Yesterday, the Human Rights Campaign (HRC), America’s largest lesbian, gay, bisexual, and transgender (LGBT) civil rights organisation, denounced a vote of 23 to 7 by the Missouri Senate advancing Senate Joint Resolution (SJR) 39 to the House of Representatives. Gaining national attention after a historic filibuster by Democrats earlier this week, the outrageous measure proposes to allow individuals, organizations, and businesses to use religion as a valid excuse to discriminate against LGBT people.
Similar to so-called “First Amendment Defense Act” legislation introduced in other states, this extreme resolution would lead to a ballot measure that, if approved by voters, would enshrine discrimination against LGBT people and their families into the state constitution. If the House of Representatives passes the resolution, it would go directly to the ballot and the governor would have no opportunity to veto it.
“SJR 39 is an irresponsible and shameful attempt by Missouri lawmakers to put LGBT people and their families in serious danger of even further discrimination,” said HRC Legal Director Sarah Warbelow. “The freedom to practice one’s religion is one of the founding principles of our country, but to use it as a means of state-sanctioned discrimination is completely unacceptable. We call on the Missouri House of Representatives to listen to the overwhelming chorus of pro-equality voices outraged by this proposal and reject this attack on LGBT people.”
Earlier this week, the Senate Democrats vigorously fought to stop the anti-equality majority with a historic 39-hour filibuster effort that drew national attention and praise. The discriminatory proposal has received widespread condemnation from fair-minded Missourians and businesses throughout the state, including Governor Jay Nixon, the St. Louis Post Dispatch, the St. Louis Regional Chamber, Dow Chemical Company, and Monsanto. The St. Louis Regional Chamber on Twitter said the proposal is “counter to MO values & will have negative economic consequences.” Democratic presidential candidates Hillary Clinton and Bernie Sanders also spoke out against the bill.

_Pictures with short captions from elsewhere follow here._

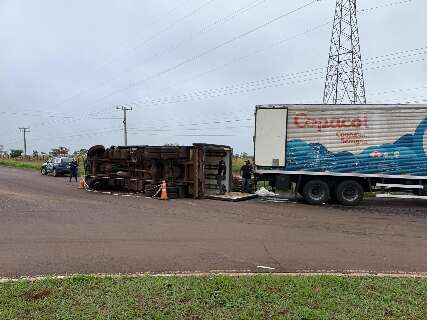Caminh&atilde;o frigor&iacute;fico passa por cima de rotat&oacute;ria e tomba em avenida
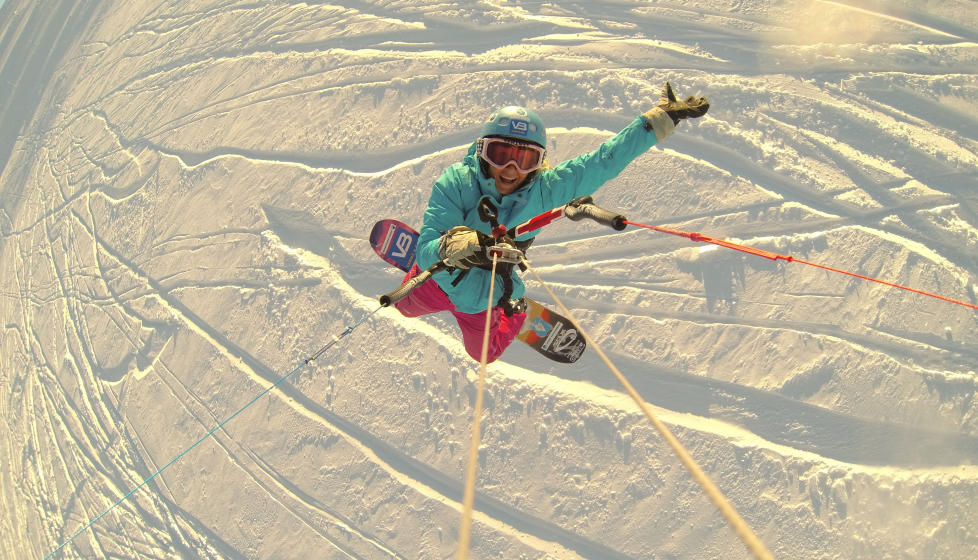 GULLVINNER: Stavanger-jenta Kari Schibevaag tok to gull i World Snow Kite Master i Frankrike. Foto: PASCAL BOULGAKOV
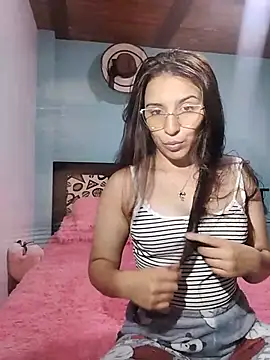 Snapshot of Emily_Gree chatting on 06-23-26, 02:20 Emily Gree online show from 06-23-26, 02:20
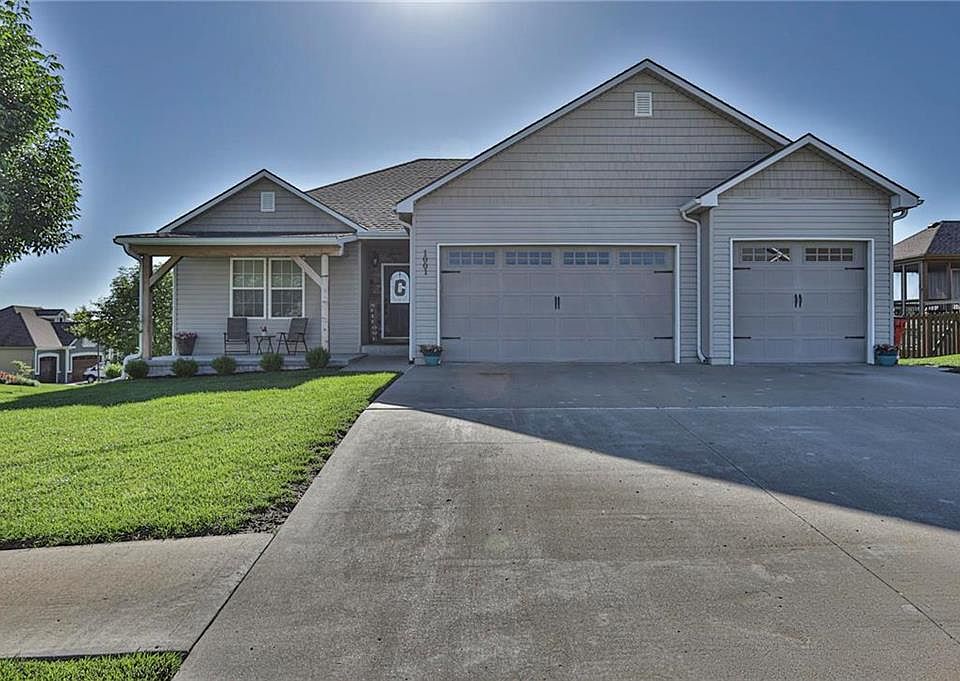 1st image of 1001 SW Whitetail Dr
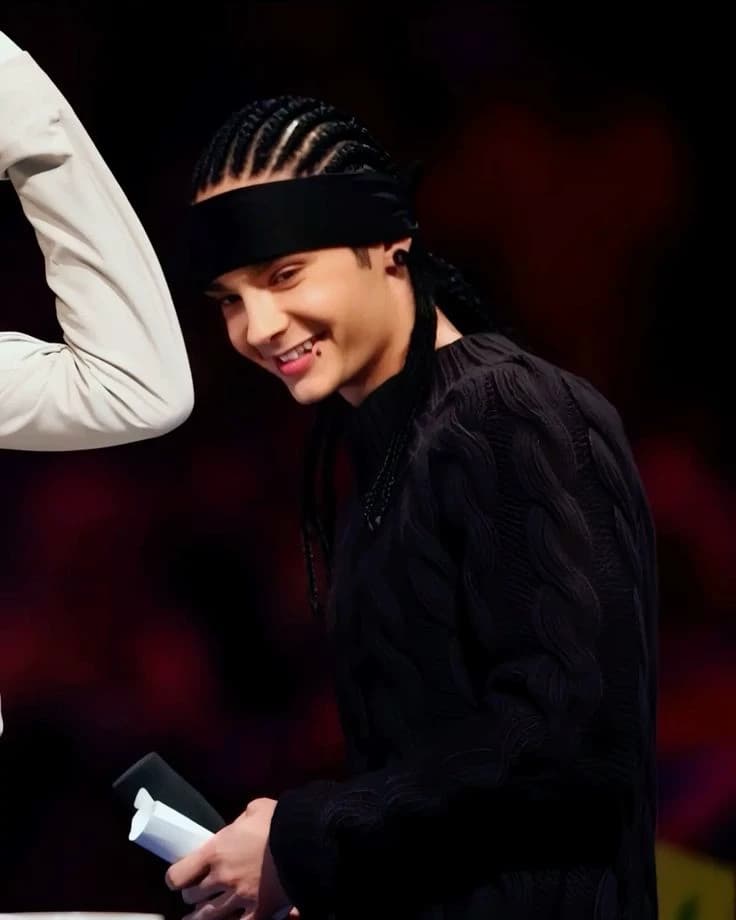 Tom Kaulitz🖤 thumbnail
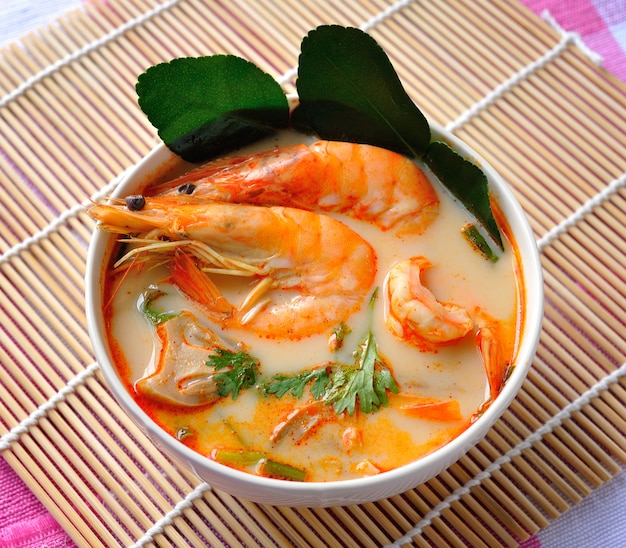 Tom yam kung (thailändische küche) Premium Fotos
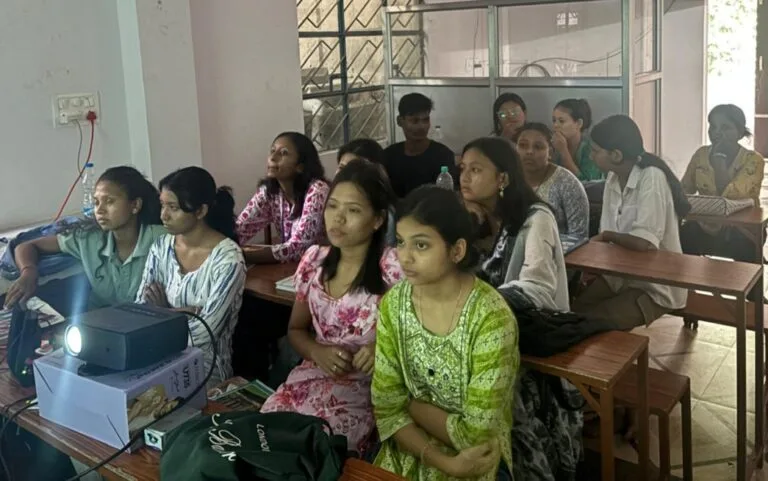 Students Thrive in Projector-Based Classes at Abhiyaan Institute, Banarhat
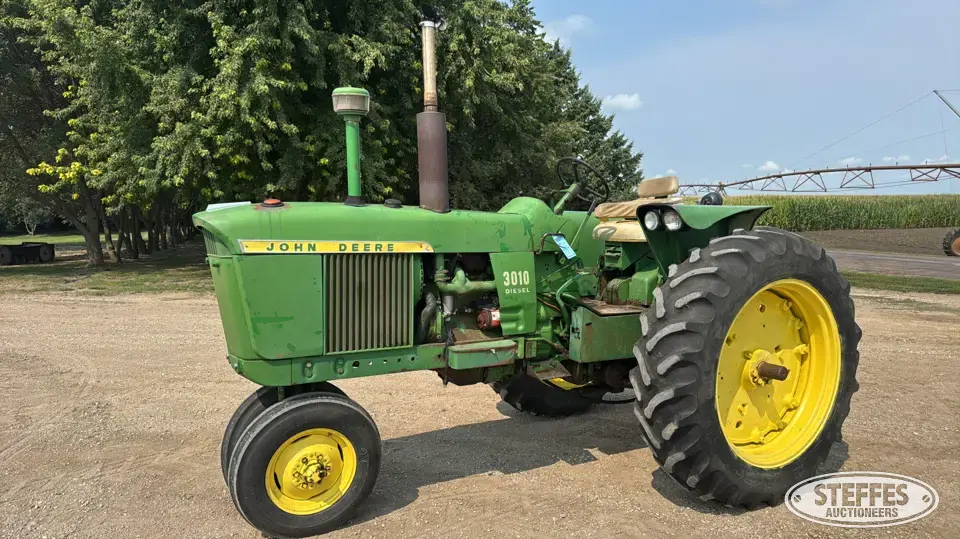 1961 John Deere 3010 2WD Tractor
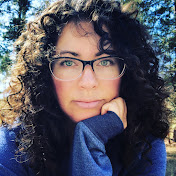 Profile Picture of Iris Higgins  (@IrisHiggins) on Youtube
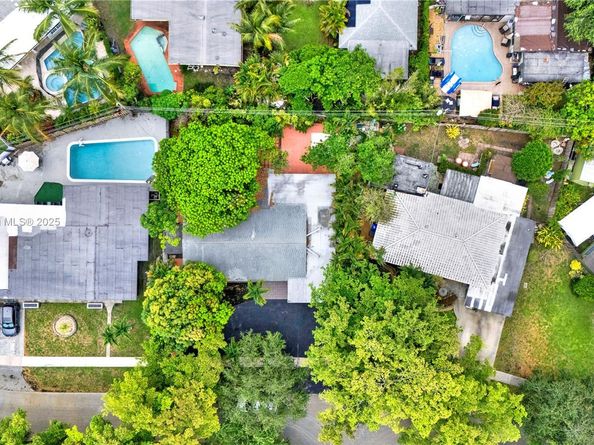 Undisclosed Address #A11826745, Hollywood FL 33023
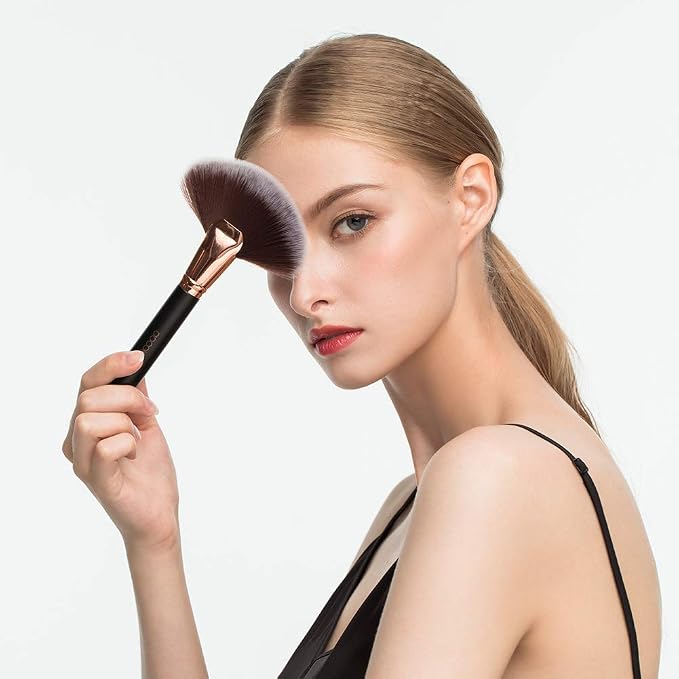 Docolor Fan Brush Finishing Powder Brush Multi-use Brush - Image 2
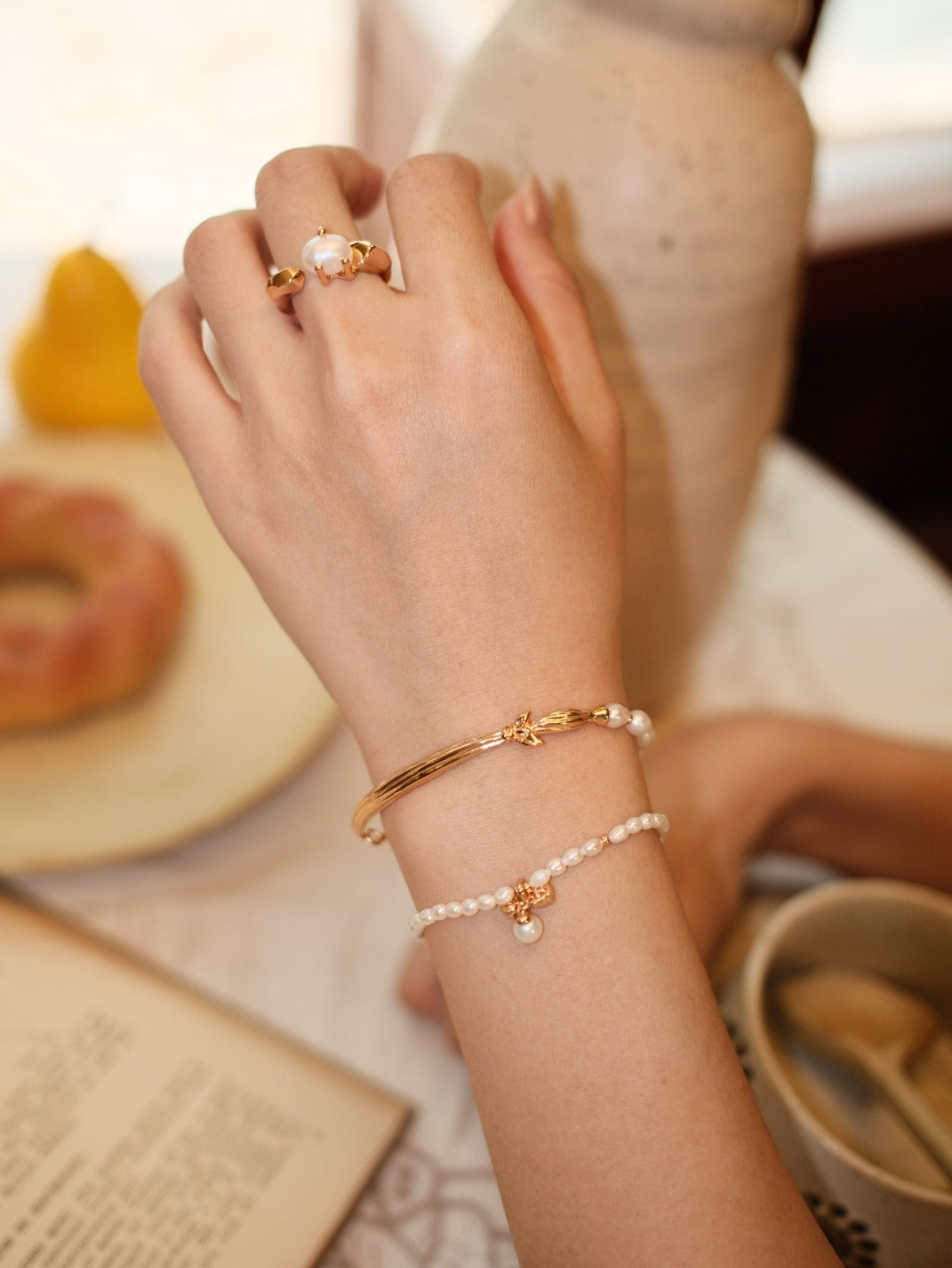 Gilded Ribbon Pearl Bracelet image 8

SJR 39 goes far beyond protecting the right of free exercise of one’s religion. While shrouded in language framed as prohibiting the state government from making funding or tax status decisions based on an organisation’s views on marriage that are driven by religious belief, in reality it opens the door to discrimination against same-sex couples, their families, and those who love them.
The legislation could have reckless intended and unintended consequences. If voted into law, LGBT people and their families could suddenly find themselves at risk of being denied many basic services. Taxpayer-funded foster care providers and adoption agencies could refuse to place children in need of loving homes with same-sex couples. Taxpayer-funded homeless shelters could turn away LGBT couples and their families. Businesses could refuse to provide goods or services to same-sex couples. The measure could also undermine existing LGBT non-discrimination protections passed at the local level, including in cities like Columbia, Kansas City, and St. Louis.
The resolution addresses no real problem in the state as no federal or state law requires religious organisations or clergy to sanction or perform same-sex marriages.